The Green Initiative Fund faltering

A $5 fee passed by students last year for green projects has yet to go into effect, and the future of the fee and the projects it was intended to fund are in question.

A $5 fee passed by students last year for green projects has yet to go into effect, and the future of the fee and the projects it was intended to fund are in question.

Students passed a referendum during the spring 2009 student government election to pay an additional $5 student fee. The proceeds were supposed to pay for a revolving loan fund for green projects and a universal transportation pass for students, among other projects.

Both students and administrators working on The Green Initiative Fund, or TGIF, expressed confusion over the funding source and how the fund would be administered.

“In the beginning [we] all [were] excited by it and thought student funding would be the best,” said Heather Spalding, a 2009 Portland State graduate who is now the sustainability leadership and outreach coordinator for Student Affairs.

The referendum was vaguely worded, which led some people to believe that the $5 fee would be charged directly to students, but others thought that the money would be taken from the existing Student Fee Committee budget at the calculation of $5 per student.

The question of where money would be deposited without any infrastructure in place to distribute the fund to specific projects has also yet to be answered.

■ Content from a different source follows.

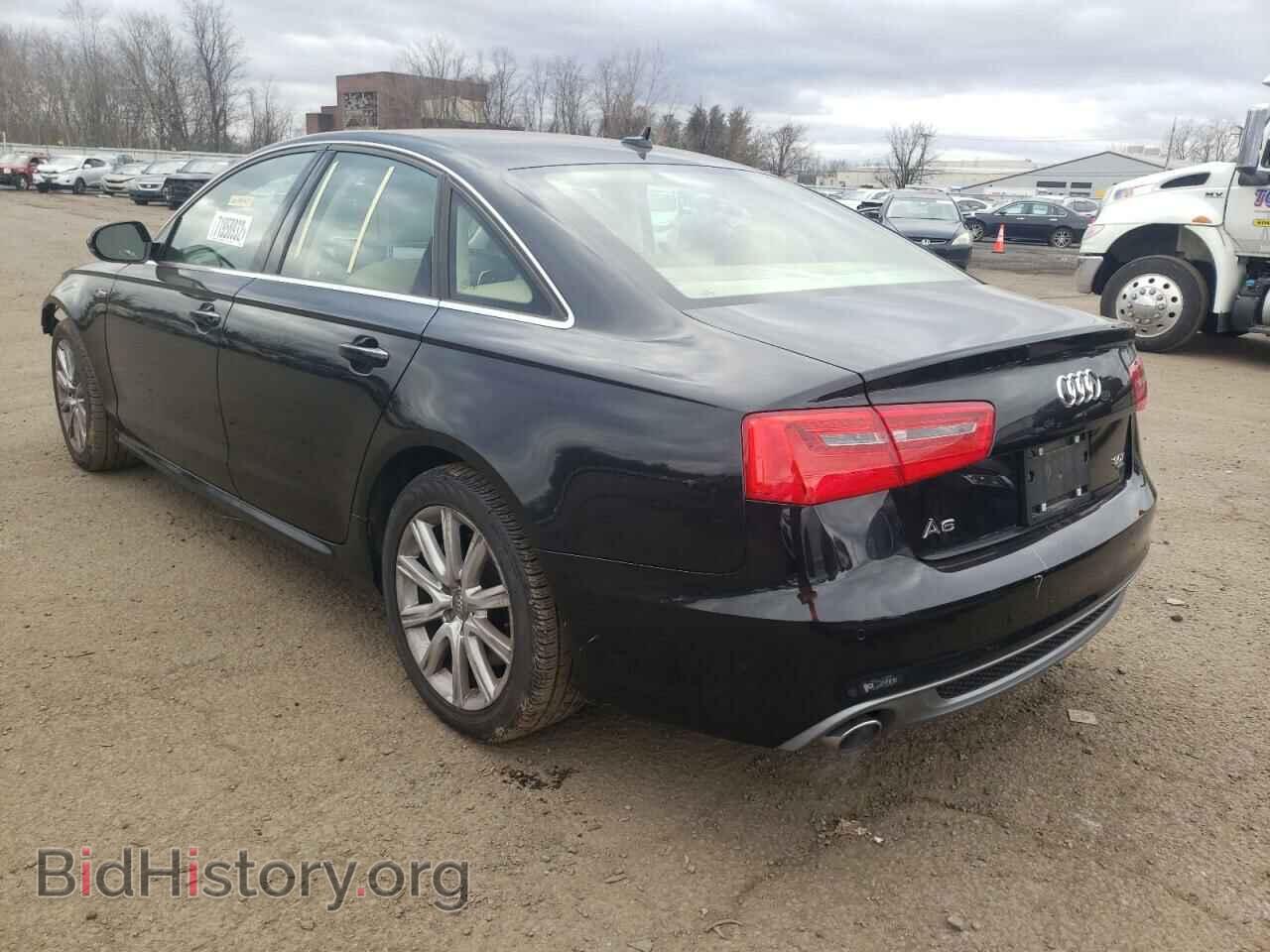 2013 AUDI A6 - VIN: WAUHGAFCXDN042798 - Фото 2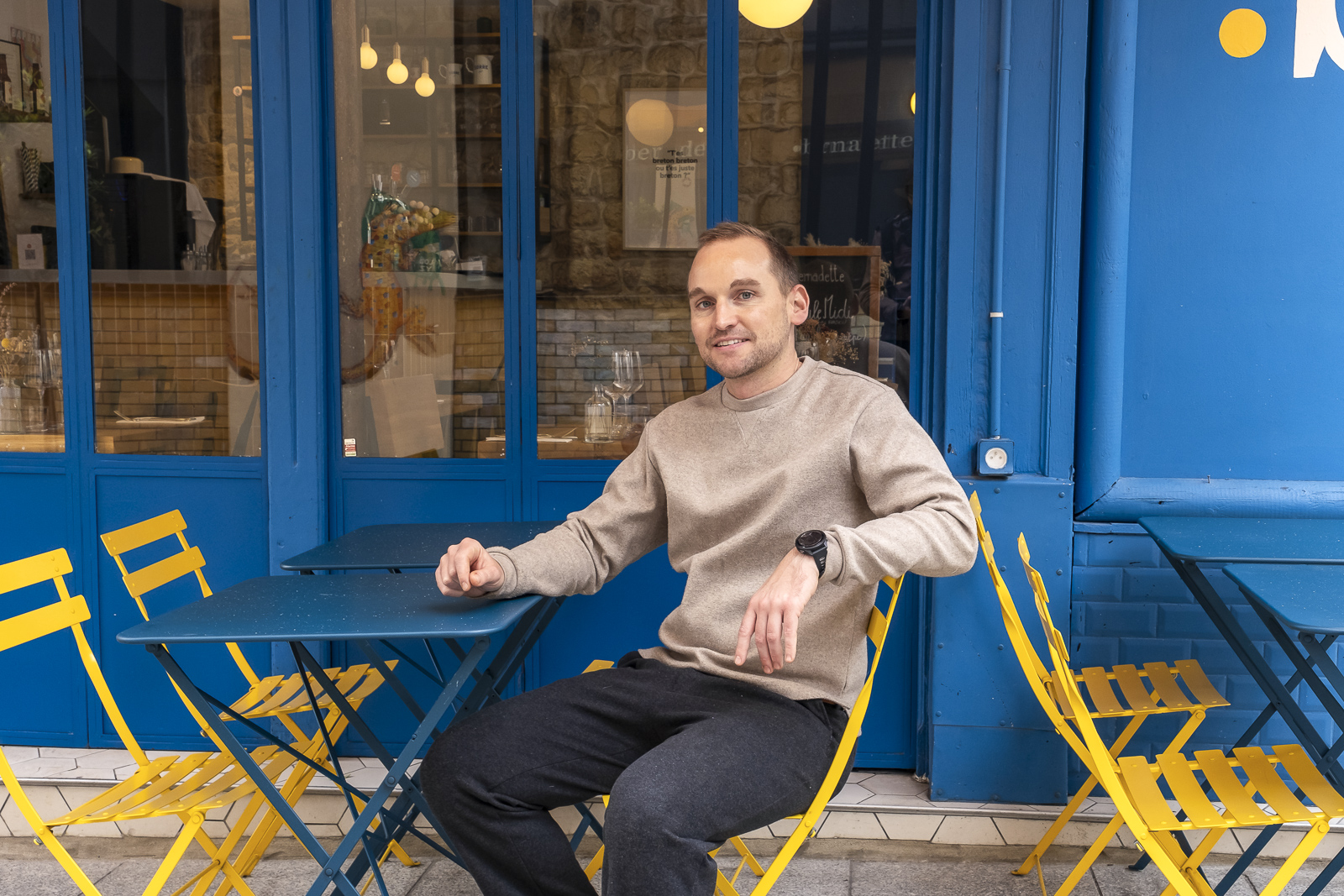 Cœur piéton, commerçant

Noelle Studer-Spevak, sustainability coordinator for Finance and Administration, said the planning for green funding must include “what” and “how.” She said it is very difficult to establish new fees and many questions must be answered before it can be implemented.

Brendan Castricano, former ASPSU senator and Sustainability Advisory Council member who resigned from the Senate in January, formed a Senate campaign last year for TGIF, which he hoped would be used to fund energy-efficiency projects, the hiring of an energy manager, special green projects with small-scale funding and a small subsidy for a universal transportation pass.

With the departure of Castricano from the Senate, it is unclear who on the student side will continue to work on the TGIF project.

“Brendan has been the most vocal advocate for the green fund who never really wavered in his desire to make this happen,” Spalding said.

ASPSU Senator Patricia Binder, who heads up the current student government campaign to create a universal transportation pass, credits Castricano for getting the referendum on the ballot.

Studer-Spevak said that at the time the TGIF process began, no one was aware that other options for funding existed beyond student fees, because The James F. and Marion L. Miller Foundation challenge grant of $25 million awarded to PSU in September 2008 had not yet been announced.

The comprehensive approach to this is to look at all the options and then move forward, Studer-Spevak said.

“Getting something like this to happen is drawn out,” Studer-Spevak said.
Daniel Lyons, president pro tempore of the Student Senate, said that since students passed the referendum, students should have a voice in what is done.